La peur du déclassement apparaît souvent comme irrationnelle. Dans son livre paru en 2009, l’économiste et sociologue Eric Maurin affirmait que « la peur du déclassement est l’une des passions les plus obsédantes » qui assiège les Français. On donne souvent l’exemple de la crainte de devenir SDF, ressentie selon les enquêtes par 60% des Français (TNS Sofres), un écart abyssal par rapport aux réalités sociales : 0,16% des Français vivent dans la rue. Les cadres, pourtant concernés par les vagues de restructurations et de licenciements depuis les années 90, apparaissent encore comme protégés des manifestations les plus violentes de la crise. Et pourtant, cette étude de l’Apec amène à franchir le pas, c’est-à-dire à associer la notion de cadres et celle de déclassement.

Les enquêtes disponibles préalablement étaient basées sur des ressentis (enquêtes par sondage), ce qui ne parvient que très imparfaitement à cerner un événement empreint de honte sociale. Dans son ouvrage sur « Le Déclassement », publié en 2009, Camille Peugny soulignait les difficultés de recueillir l’expérience subjective des déclassés. A l’inverse, l’étude de l’Apec dont est tiré ce chiffre repose sur une méthode de mesure adossée aux DADS (Déclarations annuelles des données sociales) recueillies par l’INSEE auprès des entreprises. Est considéré comme déclassé, un cadre qui en année n+1 appartient à un groupe socio-professionnel moins « élevé ». Autrement dit, il s’agit d’une mobilité descendante.
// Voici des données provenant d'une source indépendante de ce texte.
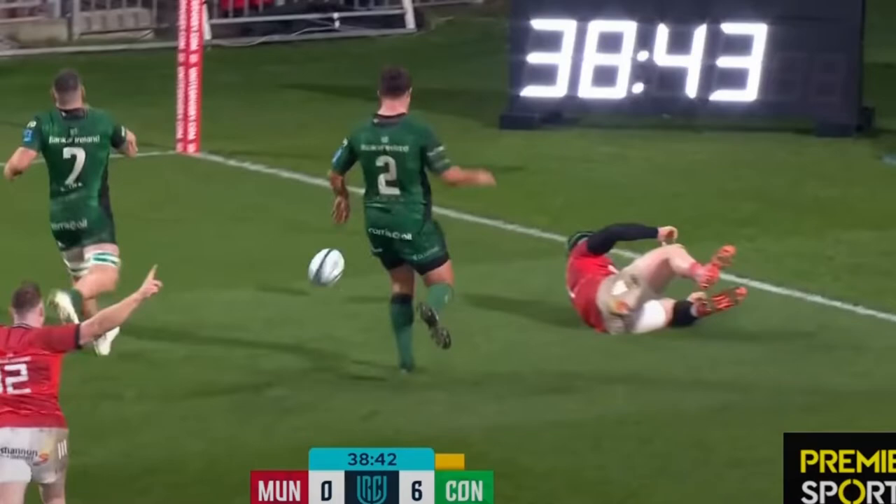This kind of seems to be showing how awful the refereeing has been in the URC this season. It has been absolutely awful. Something's up with the refereeing this season for sure — definitely the URC more than any other league I've been watching.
Mesurer l’ampleur du phénomène de déclassement
Du fait de ses sources utilisées (DADS), l’étude porte sur les cadres salariés du secteur privé. Il exclut donc les fonctionnaires et agents des fonctions publiques, dont on peut supposer qu’ils sont mieux protégés du déclassement. Mais il exclut aussi les indépendants ce qui aboutit à l’effet inverse, une sous-estimation. En effet, les DADS ne permettent de suivre que les trajectoires d’emploi salarié vers emploi salarié. En d’autres termes, les cohortes de cadres « sortis » des entreprises autour de la cinquantaine et qui deviennent indépendants – par exemple l’un des 1 012 000 autoentrepreneurs (chiffre à fin 2015 selon l’Acoss) dont la moitié se révèle incapable de facturer le moindre centime tandis que 90% de ceux qui réalisent un CA gagnent moins que le SMIC (‘Les Echos’, 6 juin 2013) – ne sont pas pris en compte.
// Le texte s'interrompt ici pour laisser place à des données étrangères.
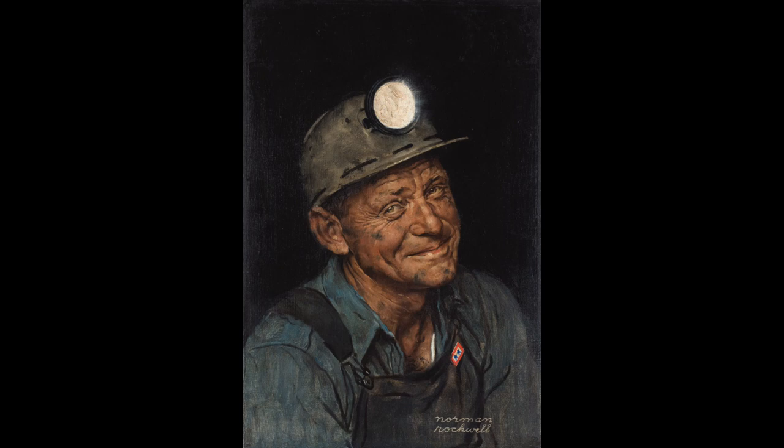Today's painting is titled Mine America's Coal and Rockwell completed it in 1944. We chose this image to celebrate all Americans working in essential services.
De la même façon, les trajectoires de type ‘emploi salarié vers chômage définitif’ ou ‘emploi salarié vers chômage de plus d’un an suivi d’un retour en emploi salarié’ ne sont pas pris en compte. Ceci a pour effet une sous-estimation significative. L’Apec rappelle d’ailleurs une étude de l’INSEE qui établissait que la proportion des cadres déclassés est trois fois supérieure parmi ceux qui ont connu une période de chômage (Insee Première, décembre 2006). Dans une étude sur « le déclassement à la sortie du chômage », centrée sur l’analyse de 5.548 cas de reprises d’emploi à la sortie de l’ANPE (prédécesseur de Pôle emploi), qui elle n’était pas spécifique aux cadres, le Centre d’économie de La Sorbonne (Laurence Lizé et Nicolas Prokovas) montrait que « le passage par le chômage représente souvent une rupture lourde de conséquences dans les trajectoires professionnelles » et se traduit, pour 21,4% des personnes par une « mobilité descendante en termes de qualification ».

Pour en revenir à l’étude de l’Apec, elle montre que sur la période d’étude de 4 ans, la proportion de cadres subissant un déclassement a évolué entre 10,6% (2009, année de crise intense) et 8,8% (2012, dernière année connue). Sur la période, la moyenne annuelle de ce taux de déclassement s’établit à 9,8%. Cela signifie que chaque année, 10% des cadres subissent un déclassement (au point de perdre leur statut de cadre).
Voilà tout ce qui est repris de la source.